Saturday, February 17, 2018

Phillip out to match Olympic champ Kenny

Watch out Britain, Njisane Phillip is coming.

The Trinidad and Tobago cyclist yesterday threw out a warning to match sprint champion Jason Kenny and his countrymen, who dominated the men's cycling events at the London 2012 Olympics.

But Phillip, who reached as far as the match sprint semi-finals before being defeated by Kenny, is looking forward to future competition to prepare for Rio 2016, where he intends to better his fourth placing.

The Siparia-born cyclist stated that particularly among the British riders, T&T have not been shown respect in the cycling world, and he was happy to earn some of that recognition with his Olympic showing.

"It was more (about) stepping on [Kenny's] shoes," Phillip explained. "I know I couldn't beat him, but it was more a respect thing. For him to just take a step and bow down and show respect was definitely a great feeling."

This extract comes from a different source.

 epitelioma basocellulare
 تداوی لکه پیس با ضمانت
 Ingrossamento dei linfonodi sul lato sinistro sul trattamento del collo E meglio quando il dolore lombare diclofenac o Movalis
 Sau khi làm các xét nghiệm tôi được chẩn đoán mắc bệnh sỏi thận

Phillip also pointed out that the top riders have a big advantage in terms of equipment, with the British cyclists using McLaren bicycles that cost over $1 million, of which a cyclist usually requires two. But still, he is determined to leave his mark on the World stage.

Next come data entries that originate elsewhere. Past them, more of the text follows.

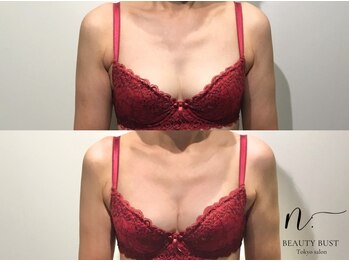 エヌドット 日本橋(N.)/谷間をくっきりバストケア☆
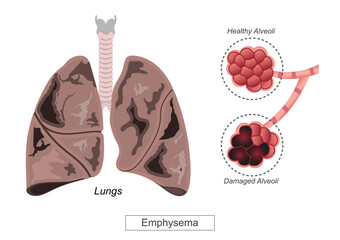 Emphysema is a chronic lung condition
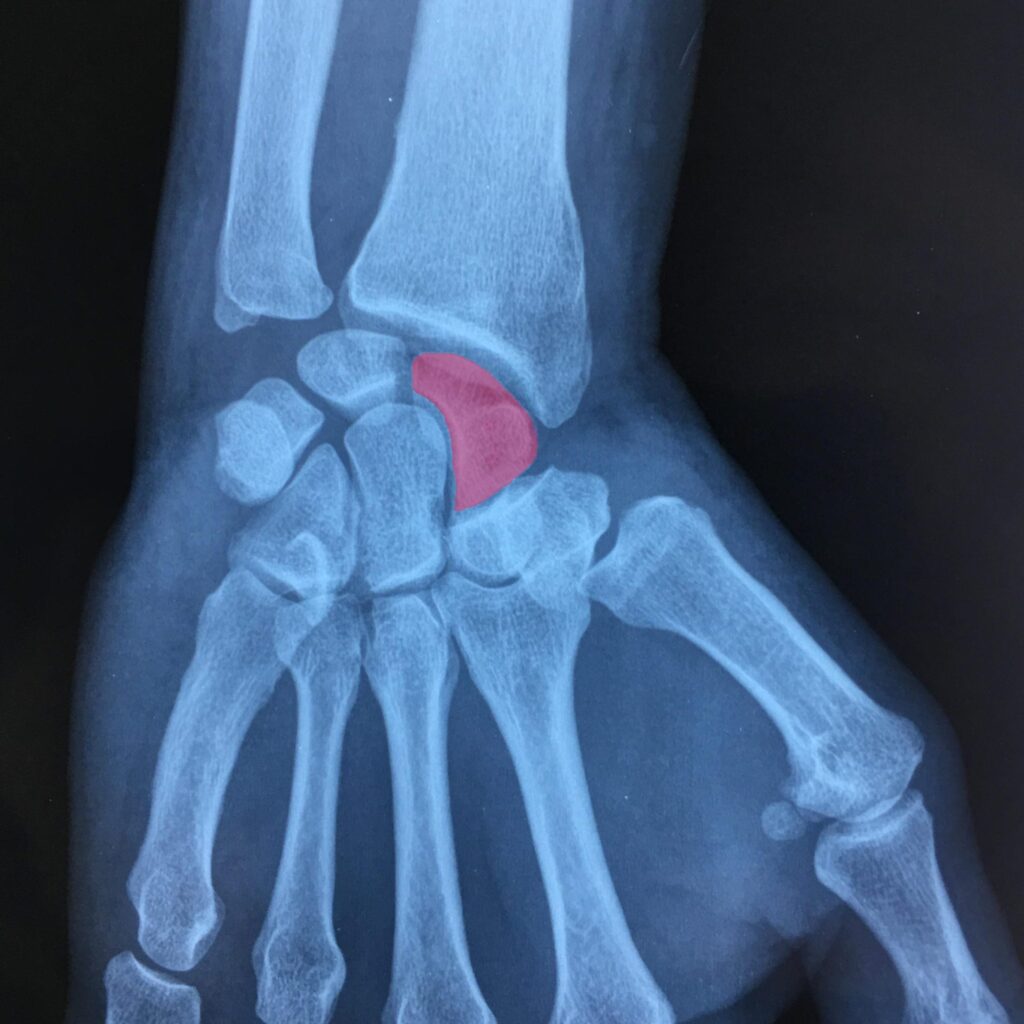 Comment soulager une tendinite de manière naturelle ?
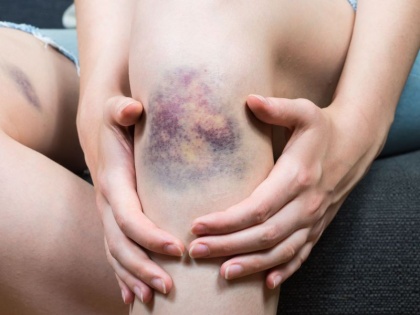 Bruise or Ecchymosis: causes, symptoms, risk factors, home remedies, natural remedies in Hindi | शरीर पर बेवजह नीले निशान पड़ते हैं? इस खतरनाक रोग का है संकेत, ये 3 उपाय दिलाएंगे राहत
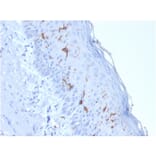 Immunohistochemistry - Anti-CD1a Antibody [rC1A/711] - BSA and Azide free (A253653) - Antibodies.com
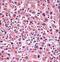 Alkaline Phosphatase, Placental antibody, LS-C156295, Lifespan Biosciences, Immunohistochemistry paraffin image 
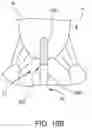 Fig. 19 - Apparatus and methods for anterior valve leaflet management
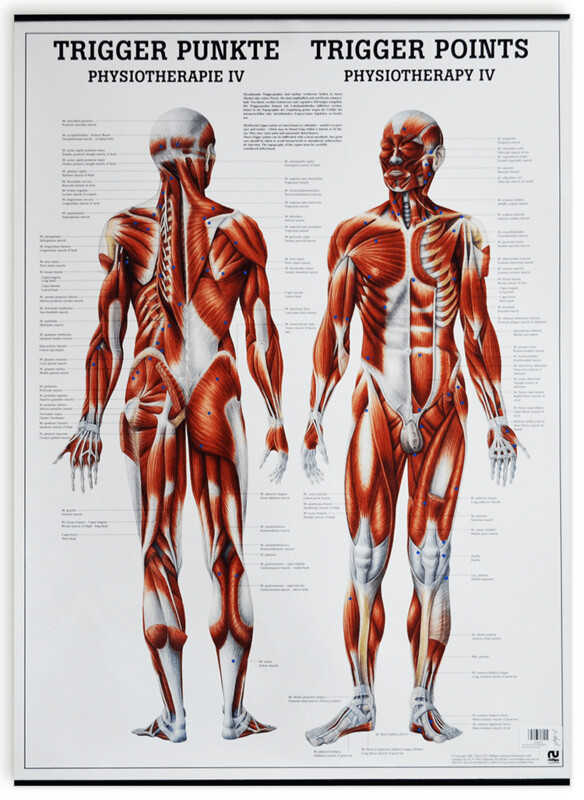 Planche anatomique, Points Trigger, 20x27&quot;, (50x70cm), Anglais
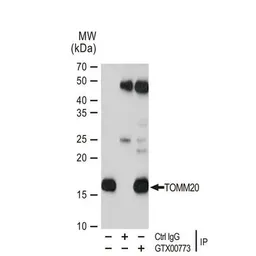 Anti-TOMM20 antibody [GT1136] used in Immunoprecipitation (IP). GTX00773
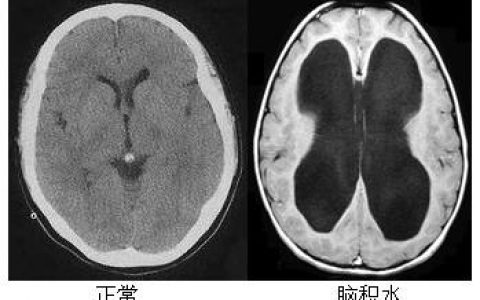每日一题_2022.12.15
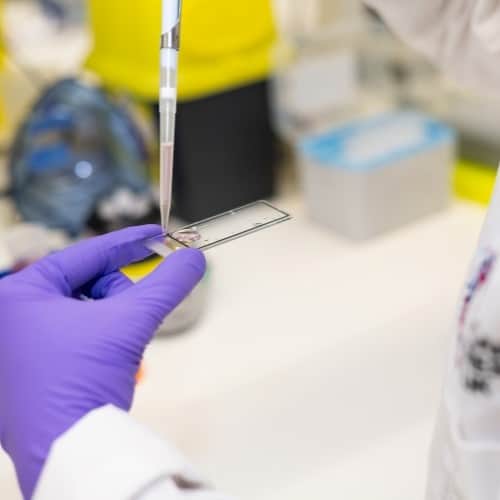 A close up of a dropping sample on a microscope slide.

"My coach (Jamie Staff) is from the UK, and I tell him all the time that you guys have no talent, you just have the gas. Once I get the gas, then we can have some fun."

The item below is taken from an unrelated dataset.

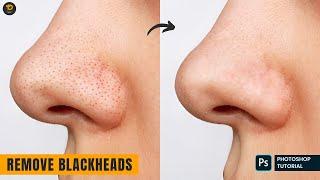 Remove Blackheads From Photo: Easy Photoshop Tutorial for Flawless Skin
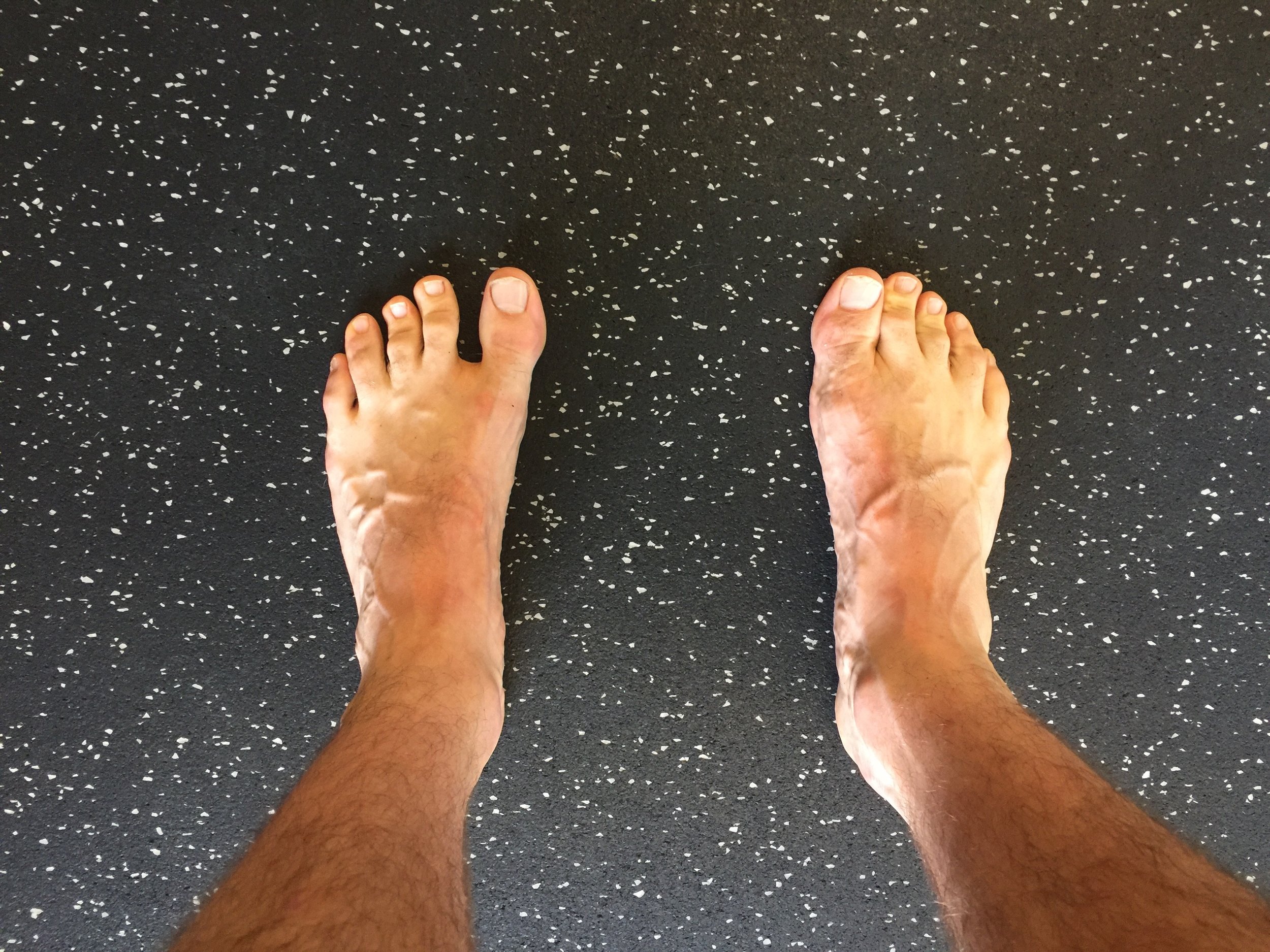 Vivobarefoot - Feet wrecked by 'normal' shoes vs. healthy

The other athletes at the press conference included T&T's top swimmer George Bovell; shooter Roger Daniel; 4x100m relay sprint team Richard Thompson, Marc Burns, Keston Bledman and Emmanuel Callender; and field athletes Cleopatra Borel (shot put) and Ayanna Alexander (long jumper).

Jehue Gordon and Joseanne Lucas (both 400m hurdlers)—the latter did not compete at the Games after picking up an injury—4x400m runner Machel Cedenio and Jamol James; sprinter Rondell Sorrillo; sailor Andrew Lewis; quarter-miler Lalonde Gordon; and Olympic javelin throw gold medalist Keshorn Walcott also made appearances.

Walcott told the media that he is still "trying to cope" with all the attention his winning performance has brought with it, and he is still recovering from the motorcades and celebrations he has been a part of.

"All the individual things that were promised to me, I'm not taking that on much," Walcott said. "So just seeing that the sport will be able to grow and people will be more interested, more youths will be involved, that's good."

Injured sprinters Thompson and Bledman both gave updates on their respective current conditions. Thompson is scheduled for an MRI scan on Monday to determine the extent of his "discomfort" after falling in the 4x100m relay final as he dived across the line.